SOAs have traditionally focused on the re-use of code, allowing services such as a login module or currency conversion module to be designed once and then reused in multiple applications across an enterprise. The architecture lowers development costs but cutting down development time and by increasing the quality of the code that is used within a company.

IBM last September shifted its focus from stressing the technology benefits of SOAs to zooming in on ways that SOAs allowed for increased business agility. At the time, the firm unveiled a set of industry-specific 'key agility indicators' that allow customers to compare their agility with a set of IBM-defined, industry-specific best practices. Further expanding on its push for best practices, the company on Monday published two indicators for financial management and human capital management.

IBM at the tradeshow also unveiled the WebSphere Business Events application, which is based on AptSoft, an application that IBM acquired last January for an undisclosed sum. The application adds the ability to build more complex event chains to IBM's portfolio of event servers and lets business people set up alerts. An insurance provider for instance will now be able to identify when a customer is placing multiple inquiries for price quotes or visiting the website multiple times within a short time, identifying the customer as a hot lead.

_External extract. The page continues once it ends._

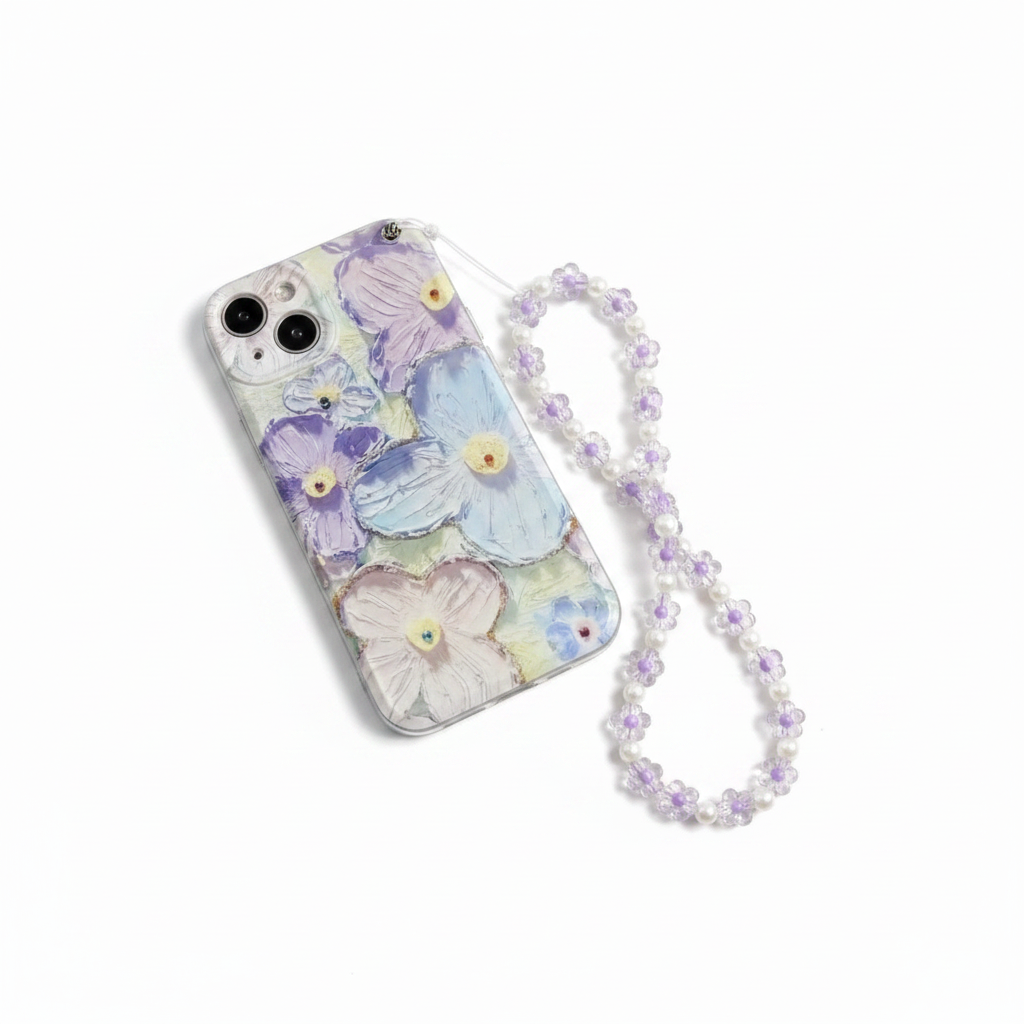 Oil Painting Flower Pattern Phone Case With Lanyard on white background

The SOA-market is considered a continuation and expansion of the enterprise application integration (EAI) space. IBM's Websphere application server traditionally has been the largest commercial player in that segment. At the Impact 2008 conference, the company cited a new study from Wintergreen Research which pegged IBM's market share in the SOA market at 64 percent, trailed by Oracle/BEA and Tibco at 7 percent each. Wintergreen last year put IBM at 53 percent market share.

The SOA market however is notoriously difficult to chart because it is made up of a slew of products that often have multiple potential applications including as SOAs. Market share data such as Wintergreen's therefore carries little weight, said Charles Brett, a principal analyst with Forrester Research.

The architecture instead uses a set of established technologies such as application servers, event management servers and other middleware applications. The lack of real technology will cause the term to be soon extinct, Brett predicted: "SOA is very much about getting a marketing message across. But it doesn't have a long life," Brett told Webwereld, an IDG affiliate.